‘A story about a subversive new form of freedom existing at the fringes of society’
Written by Raymond Cara
One could reason that, once distilled from metaphor and stripped away from the filter of ego, everything we do is motivated by fear.
We marry because we fear being alone and have children because we fear being forgotten. We wear certain things or agree with certain people for fear of being cast out from the tribe, or hide parts of ourselves for fear of being misunderstood.
We fear governments and we fear our neighbours. We fear that capitalism is ruining the word, or that socialism is a product from hell. We fear the next global virus, but we also fear the vaccines that will fight it.
We fear ourselves and so we drink, smoke, medicate, and indulge in various forms of escapism to try and hide from the truth.
We fear getting old, missing out, not doing enough, seeing enough, experiencing enough; what we can’t control, and what we don’t understand. We fear pain and punishment. We fear them. We fear failure. We fear technology, artificial intelligence, and the singularity. We fear the destruction of our planet even as we continue to destroy it.

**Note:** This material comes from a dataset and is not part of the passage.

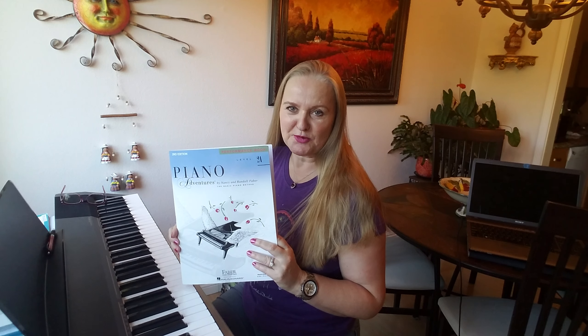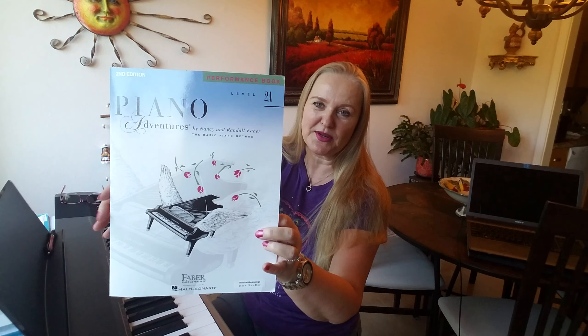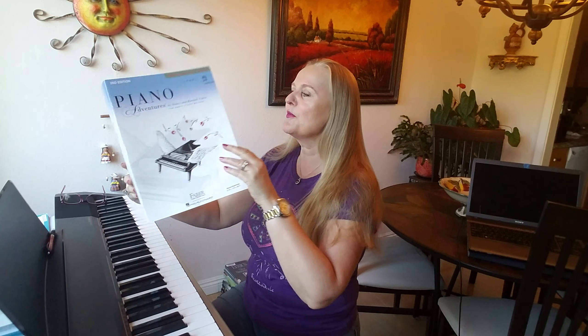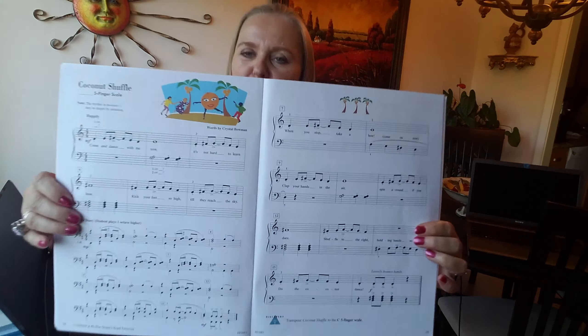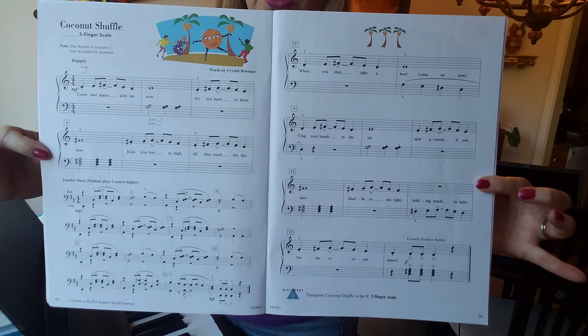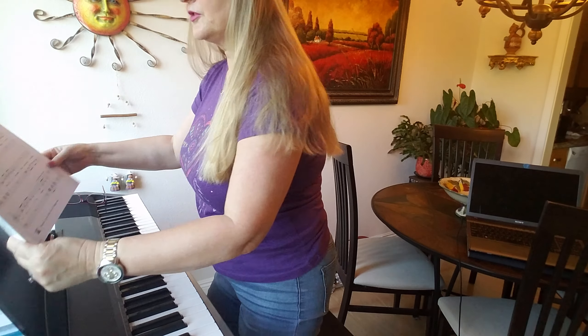Welcome to Elisabeth Equinist Leone Voice and Piano Studio. Today we are playing from this book, the Performance Book Level 2A Piano Adventures, and we are going to play this song, Coconut Chapel.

If you could be an unseen observer in any conversation in any given place, the chatter would undoubtedly find its way back to some topic of dread. Indeed, one could reason that the underlining fabric of it all is death, the greatest fear of all. The utter inevitability of ours woven into the subconscious, the presence of death surrounding us each day as we attempt to brush it aside and ignore it. The seconds and the years pass by, edging closer and closer to that ultimate day of reckoning.

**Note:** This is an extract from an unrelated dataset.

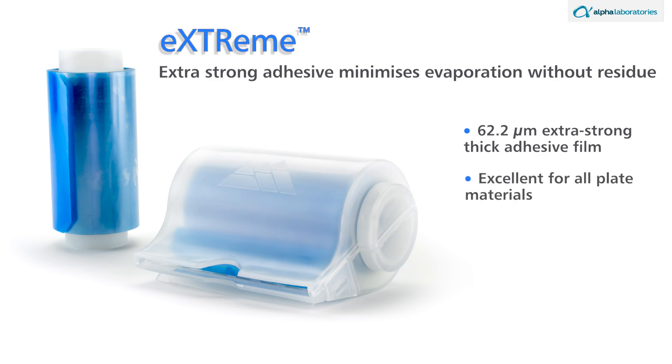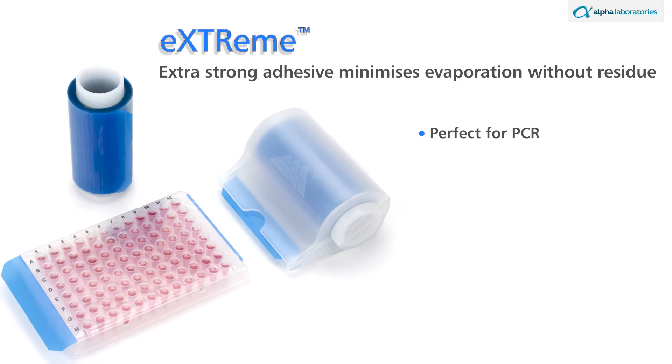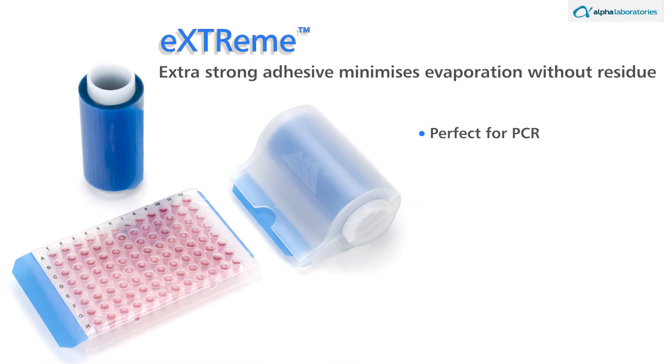Blue coded Extreme 62.2-micrometer extra strong thick adhesive film is excellent for all plate materials. The film's extra strong adhesive minimizes evaporation and removes cleanly without residue, perfect for PCR. Each film is effective from a temperature range of minus 20 to 120 degrees Celsius, and each blue coded roll covers 80 PCR plates.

Though most of the world’s religions were created as a way to assuage our fears of death and reconcile the great mystery of what comes after, perhaps one ought to rejoice in the face of death, the only guarantee that we do indeed have. To earn death by confronting the conundrum of life with your boots on would seem as noble a pursuit as any.

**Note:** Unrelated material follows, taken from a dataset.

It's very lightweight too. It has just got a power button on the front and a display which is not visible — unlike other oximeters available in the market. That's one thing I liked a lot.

If even half of this is true, then it would also stand to reason that to be utterly free of fear would be the most desirable of all lives one could live. For Noah Massey, that was reality
Lisa Denning lounged at the front desk inside Splatterpunk Tattoos, her feet resting up on the long oak table. Her wavy black hair was streaked with green, and she carried herself with a confidence belied by her fierce gaze — anyone she locked eyes with quickly realized she wasn’t going to take their shit. Especially men.